The myth of five nines – Why high availability is overrated


Join 12,000 others and follow Sean Hull on Twitter @hullsean.

In the Internet world 24×7 has become the de facto standard. Websites must be always on, available 24 hours a day, 365 days a year. In our pursuit of perfection, performance is being measured down to three decimal places, that is being up 99.999% of the time; in short, five-nines

Just like a mantra, when repeated enough it becomes second nature and we don’t give the idea a second thought. We don’t stop to consider that while it may be generally a good thing to have, is five-nines necessary and is it realistic for the business?

Also: How to hire a developer that doesn’t suck

In my dealings with small businesses, I’ve found that the ones that have been around longer, and with more seasoned managers tend to take a more flexible and pragmatic view of the five-nines standard. Some even feel that periods of outages during off hours as – *gasp* – no problem at all! On the other hand it is a universal truth held by the next-big-idea startups that 24×7 is do or die. To them, a slight interruption in service will send the wrong signal to customers.

The sense I get is that businesses that have been around longer have more faith in their customers and are confident about what their customers want and how to deliver it.  Meanwhile startups who are building a customer base feel the need to make an impression and are thus more sensitive to perceived limitations in their service.

Of course the type of business you run might well inform your policy here. Short outages in payments and e-commerce sites could translate into lost revenue while perhaps a mobile game company might have a little more room to breathe.

Related: Why generalists are better at scaling the web

Sustaining five nines is too expensive for some

The truth is sustaining high availability at the standard of five-nines costs a lot of money. These costs are incurred from buying more servers, whether as physical infrastructure or in the cloud. In addition you’ll likely involve more software components and configuration complexity. And here’s a hard truth, with all that complexity also comes more risk.  More moving parts means more components that can fail. Those additional components can fail from bugs, misconfiguration, or interoperability issues.

What’s more, pushing for that marginal 0.009% increase in high availability means you’ll require more people and create more processes.

Read this: Why reddit didn’t have to fail

Complex architecture downtime

In a client engagement back in 2011, I worked with a firm in the online education space.  Their architecture was quite complex.  Although they had web servers and database servers—the standard internet stack—they did not have standardized operations.  So they had the Apache web server on some boxes, and Nginx on others.  What’s more they had different versions of each as well as different distributions of Linux, from Ubuntu to RedHat Enterprise Edition.  On the database side they had instances on various boxes, and since they weren’t all centralized they were not all being backed up.  During one simple maintenance operation, a couple of configurations were rearranged, bringing the site down and blocking e-commerce transactions for over an hour.  It wasn’t a failure of technology but a failure of people and processes made worse by the hazard of an overly complex infrastructure.

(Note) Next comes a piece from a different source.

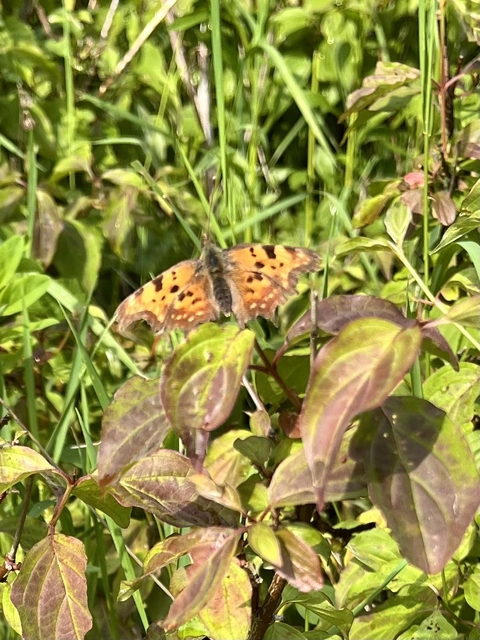 Nymphalis c-album - C-betűs lepke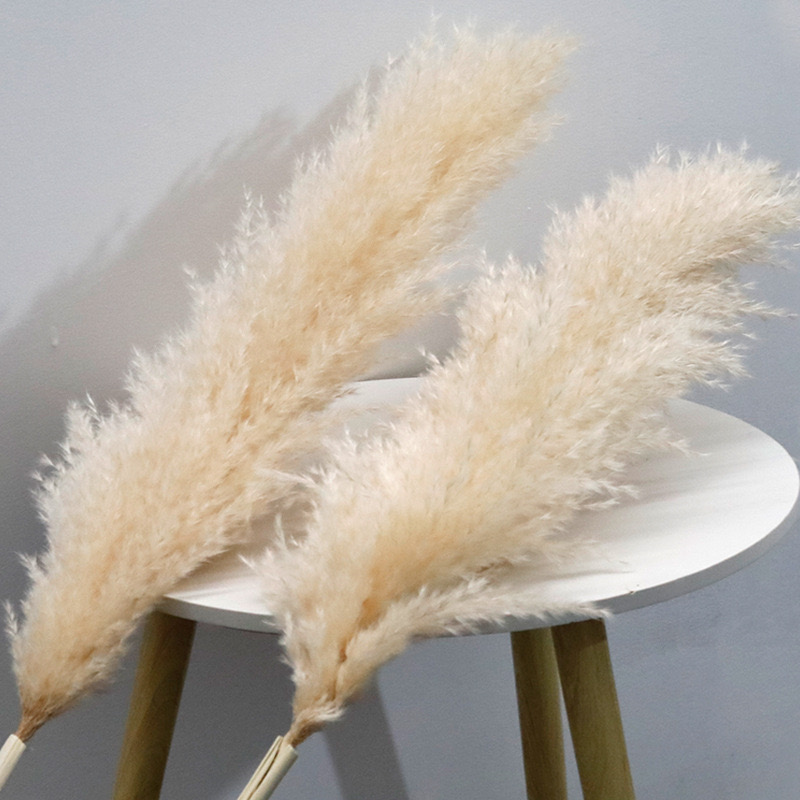 pampas grass for BOHO decor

In another engagement at a financial media firm, I worked closely with the CTO outlining how we could architect an absolutely zero downtime infrastructure.  When he warned that “We have no room for *ANY* downtime,” alarm bells were ringing in my head already.

Also: Why RDS doesn’t support Maria DB or Percona

When I hear talk of five-nines, I hear marketing rhetoric, not real-world risk reduction.   Take for example the power grid outage that hit the Northeast in 2003.  That took out power from large swaths of the country for over 24 hours.  In real terms that means anyone hosted in the Northeast failed five-nines miserably because downtime for 24 hours would be almost 300 years of downtime at the five-nines standard!

For true high availability look at better management of processes

So what can we do in the real-world to improve availability?  Some of the biggest impacts will come from reducing so-called operator error, and mistakes of people and processes.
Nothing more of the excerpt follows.